An opportunity, and a risk
After suffering through a chronic pre-pandemic shortage of skilled labour, the prospect of a new cohort of motivated job hoppers may seem like an opportunity for organizations to revamp and upgrade their talent.
But this labour force trend goes both ways.
If you are not taking steps to become an employer of choice, you won’t only lose top talent, you’ll have a hard time attracting eager new talent as well.
How do you set yourself apart in the labour market and ensure yours is the company employees want to work for? Before focusing on specifics, you need to re-think your entire organizational context and adopt what we in the HR profession would call a “coaching mindset.”
Coaching mindset is the foundation for all employers of choice
Coaching mindset is a whole new approach to talent management. From this framework, communication between employee and manager is totally open and transparent. Managers frequently discuss job satisfaction with employees, and everyone is given an opportunity to grow and learn.
How can an organization acquire a coaching mindset and in so doing, unlock the things that top talent values the most in a job? Certainly, offering coaching to leaders at all levels – from the C-Suite to the frontline – is a big part of it. When leaders are coached, they begin to absorb the coaching mindset and apply it to the conversations they are having with the people they are leading.
Some organizations also train some of their managers to be certified coaches, and then rely on those people to provide guidance to both manager and employee on how to carry out meaningful career conversations.

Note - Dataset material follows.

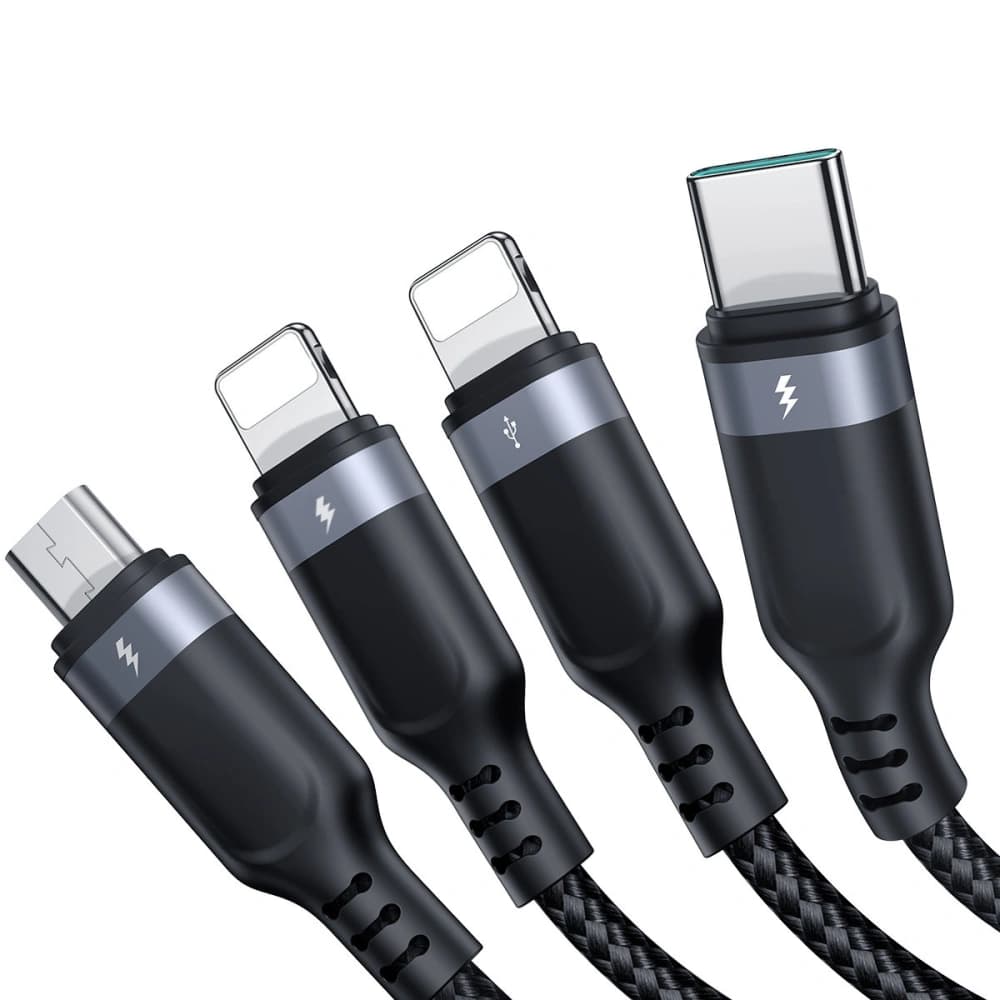 Joyroom 1.2m Kabel S-1T4018A18 4in1 USB-A/USB-C - 2x Lightning - microUSB schwarz - 3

Meaningful conversations about career aspirations and job performance make employees feel heard and give their work value. But far too few organizations are engaging with their employees, particularly their younger employees, in this fashion.
Gallup reported in 2020 that only 17 per cent of millennial employees – the cohort most likely to job hop – believe they are getting meaningful feedback on their career or performance. Most people in this demographic want coaching conversations with their managers so they can plot out the future of their careers.
It can be done, with a little help from your (coaching) friends
Investments in coaching can pay off in so many different ways in today’s labour market. In the job hopping age, it can help retain top talent and serve as an important incentive when recruiting people who have quit unsatisfying jobs with other organizations.
All you need is an open mind, and the willingness to have that meaningful conversation.